▶ _TASK REQUIREMENTS_
Set down all of the entries word for word, omitting the images they contain.

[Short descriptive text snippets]
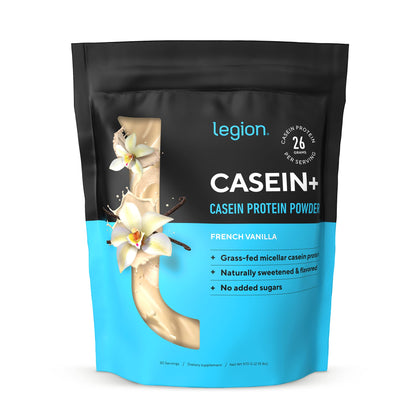 LEGION Casein+ Vanilla Pure Micellar Casein Protein Powder - Non-GMO Grass Fed Cow Milk, Natural Flavors & Stevia, Low Carb, Keto Friendly - Best Pre Sleep (PM) Slow Release Muscle Recovery Drink 2lb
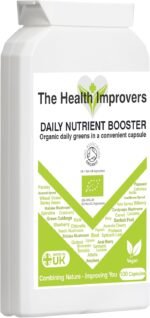 Organic Daily Greens Nutrient Booster with 35 X Superfood Blend Capsules with Digestive Enzymes – Vegan – 100 Tablets - Image 6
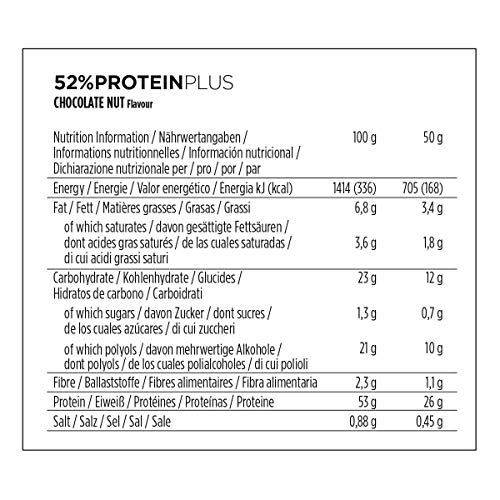 PowerBar Protein Plus 52% Chocolate Nut 20x50g - Barras de Proteína con Bajo Contenido de Azúcar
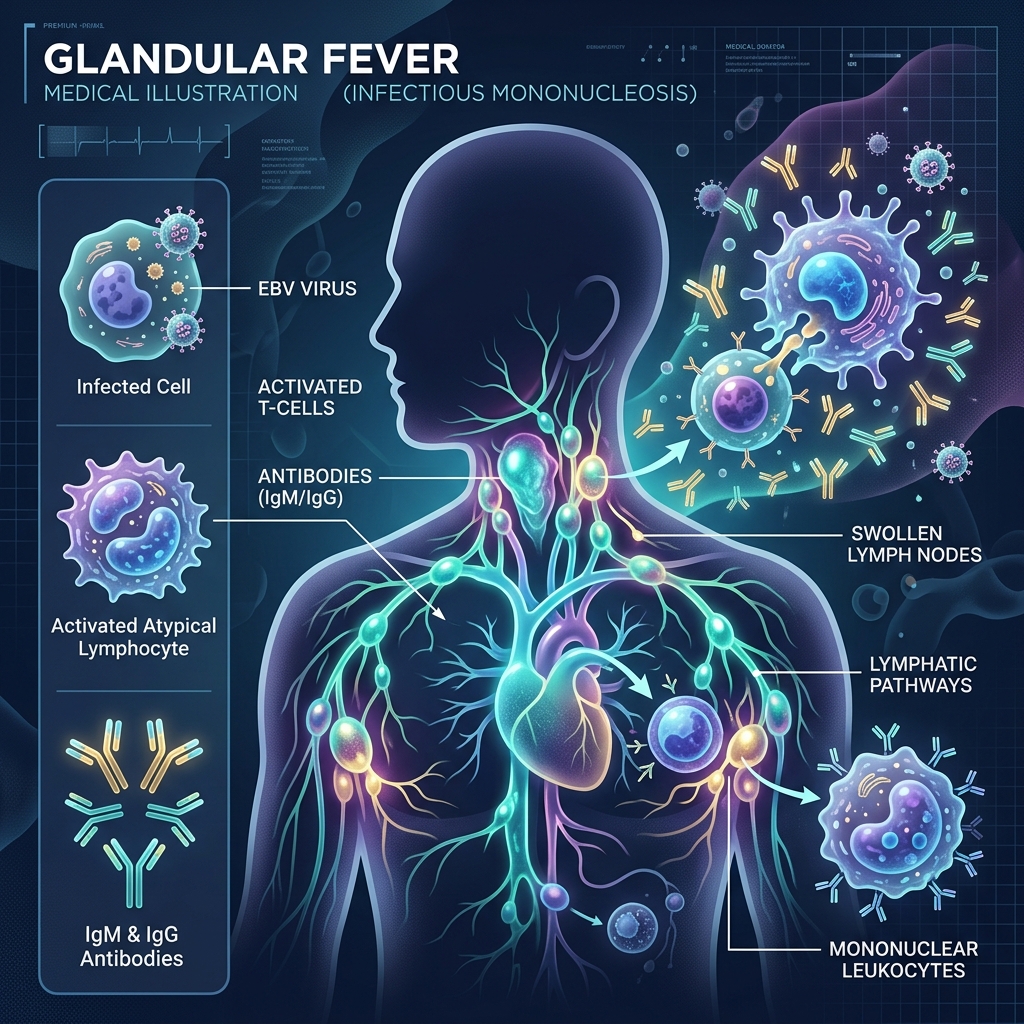 Premium clinical abstract illustration representing glandular fever with stylized immune cells and glowing lymph node pathways.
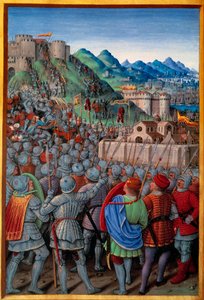 ジェノワは、フランス人が守るCastellacio de Genesを攻撃した（1507年3月12日）。1508年にジャン・マロが執筆した「Voyage de Genes」（Folio 20v）に掲載されているジャン・ブルディション（1457?-1521）のミニチュア。パリ、オランダ 作： Jean Bourdichon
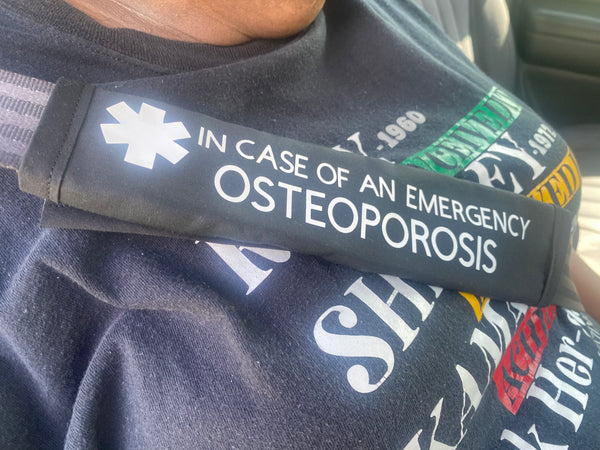 Black Pullover Pal Awareness Seat Belt Cover (Brittle Bone Disease & Osteogenesis imperfecta, and Osteoporosis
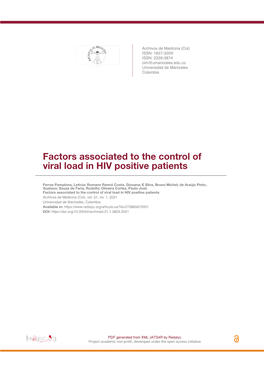 Factors Associated to the Control of Viral Load in HIV Positive Patients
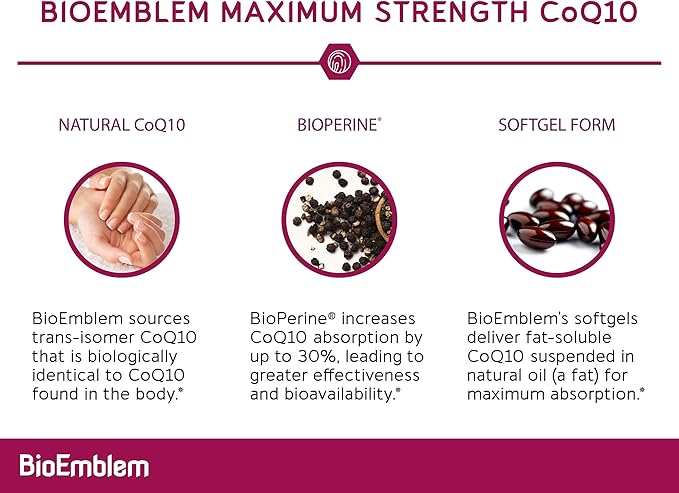 BioEmblem CoQ10 with BioPerine - 200mg Softgels High Absorption - Coenzyme Q10 Antioxidant for Energy Production Heart Health - Natural Form Non-GMO CoQ10 Supplement - 90 Count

▶ _WRITTEN RESPONSE_
 LEGION Casein+ Vanilla Pure Micellar Casein Protein Powder - Non-GMO Grass Fed Cow Milk, Natural Flavors & Stevia, Low Carb, Keto Friendly - Best Pre Sleep (PM) Slow Release Muscle Recovery Drink 2lb
 Organic Daily Greens Nutrient Booster with 35 X Superfood Blend Capsules with Digestive Enzymes – Vegan – 100 Tablets - Image 6
 PowerBar Protein Plus 52% Chocolate Nut 20x50g - Barras de Proteína con Bajo Contenido de Azúcar
 Premium clinical abstract illustration representing glandular fever with stylized immune cells and glowing lymph node pathways.
 ジェノワは、フランス人が守るCastellacio de Genesを攻撃した（1507年3月12日）。1508年にジャン・マロが執筆した「Voyage de Genes」（Folio 20v）に掲載されているジャン・ブルディション（1457?-1521）のミニチュア。パリ、オランダ 作： Jean Bourdichon
 Black Pullover Pal Awareness Seat Belt Cover (Brittle Bone Disease & Osteogenesis imperfecta, and Osteoporosis
 Factors Associated to the Control of Viral Load in HIV Positive Patients
 BioEmblem CoQ10 with BioPerine - 200mg Softgels High Absorption - Coenzyme Q10 Antioxidant for Energy Production Heart Health - Natural Form Non-GMO CoQ10 Supplement - 90 Count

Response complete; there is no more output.